D'autant que les architectes peuvent désormais s'appuyer sur des données et des projections plus fines, afin de mieux identifier les risques et les impacts des solutions envisagées. L'observatoire de l'immobilier durable a par exemple lancé le programme Bat-Adapt, composé notamment d'une cartographie d'analyse des risques climatiques pour les bâtiments, comme les vagues de chaleur, les sécheresses, le retrait-gonflement des argiles ou encore les inondations. Cette cartographie est en libre accès. Limité pour l'instant au territoire français métropolitain, la carte sera à l'échelle européenne à terme, l'OID étant en phase de collecte des données.
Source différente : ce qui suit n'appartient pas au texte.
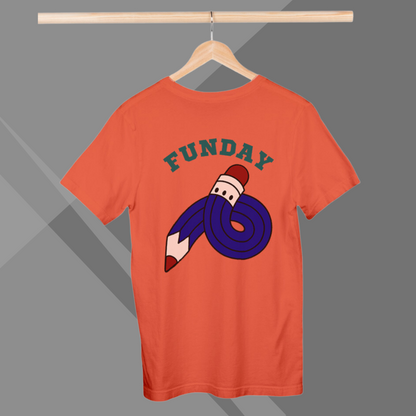 "Get Ready for Fun with 'Funday' Printed Orange T-Shirt for Women"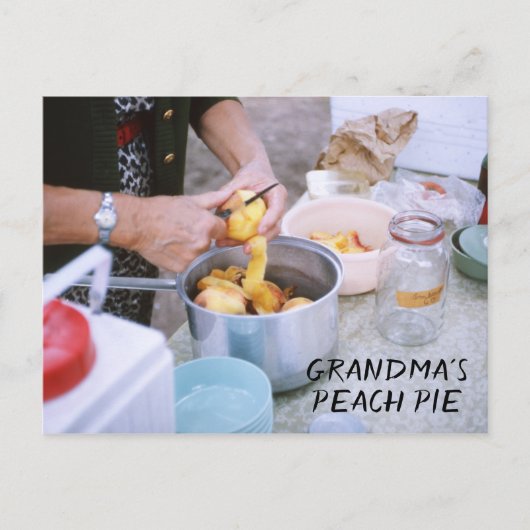 Oma's Peach Pie Recept Verse perziken Briefkaart (Voorkant)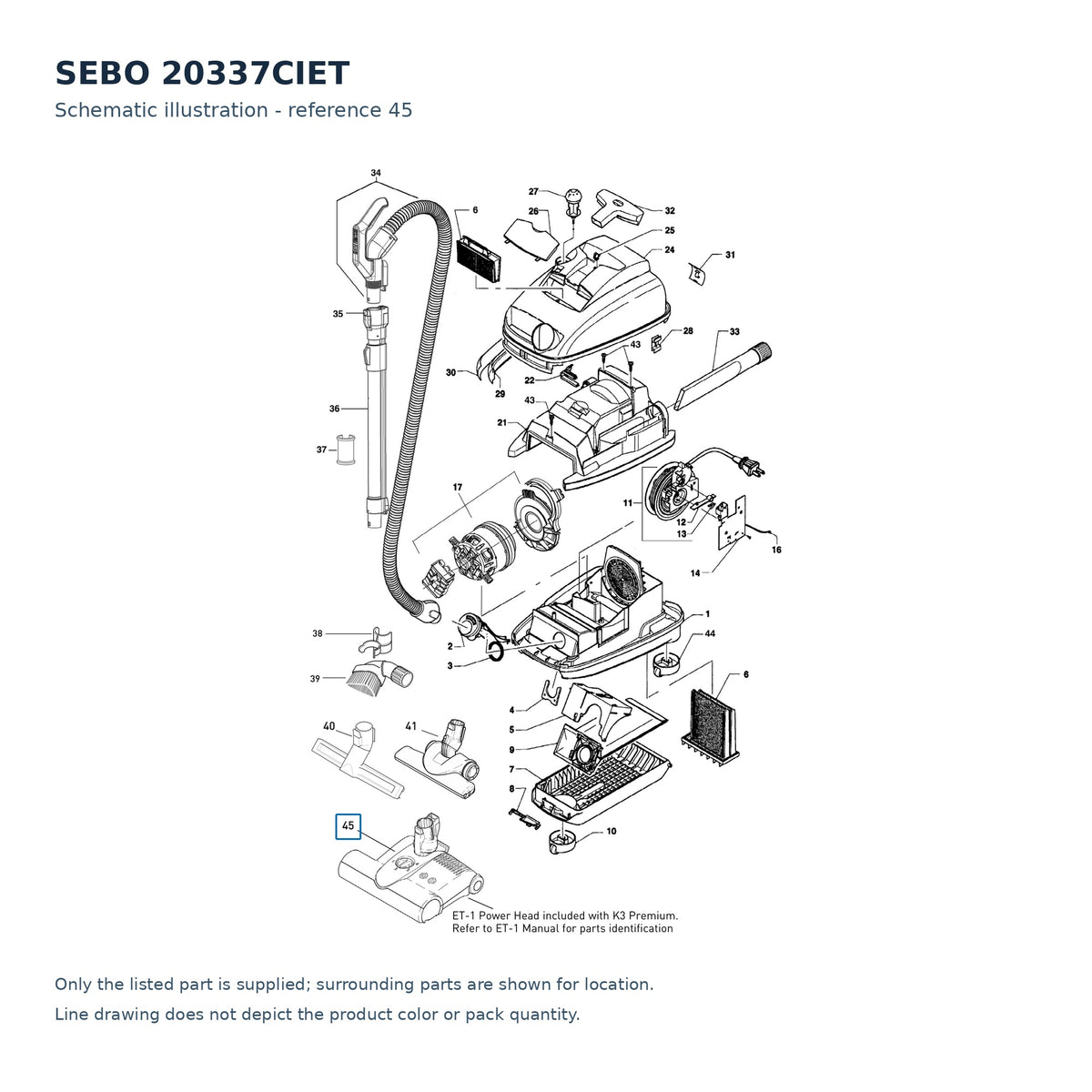 SEBO 20337CIET schematic illustration; reference 45; only the listed part supplied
"Les architectes doivent travailler beaucoup plus étroitement avec le monde scientifique et de l'ingénierie pour développer les analyses prédictives. Le cœur de notre métier est d'être créatif, mais nous devons mettre cette créativité à l'épreuve de la science", pense M. Piechaczyk. "Mais nos bâtiments doivent aussi être plus agiles. Il faut garder en tête qu'ils doivent pouvoir être adaptés et rénovés plus facilement", pour mieux répondre aux conséquences climatiques pas encore anticipées et encourager leur reconversion, conclut-il.

Commentaires

Romdhane Ben Slama

Dans cet article on indique: la conception de "jardins de poche", pour remplacer le bitume afin de protéger de la chaleur. Tout à fait Mme l'architecte, c'est ça l'effet de serre, ce n'est pas qu'aux émissions de CO2, mais aux radiations des sols artificialisés, de couleur foncée, et c'est le cas des routes, voieries... Si l'on arrive à passer d'une couleur sombre à une couleur claire pour les bitumes, il y aura moins d'absorption de rayonnement solaire et don moins d'émission d'infrarouge.
D'autre part je suis d'accord qu'on peut régénérer les villes depuis les zones délaissées, en effet l'extension des villes , donc plus de bitume, béton ... contribue aussi au réchauffement climatique.

Pr Romdhane Ben Slama
Université de Gabès, Tunisie
[email protected]

Thibaut Vallet

Bonjour,
Article très intéressant. Pour souligner le précédent commentaire. Il serait intéressant de revoir également les couleurs des bâtiments neufs et lors des rénovations (façades et toitures) pour limiter les effets infrarouges comme cela se faisait dans le pourtour méditerranéen. En plus de limiter les effets d'ilots de chaleur et de réduire l'apport en froid, cela permettrait à nos villes de retrouver du charme. Des recherches suisses ont été menées en ce sens pour optimiser les effets chromatiques sur les températures des bâtiments.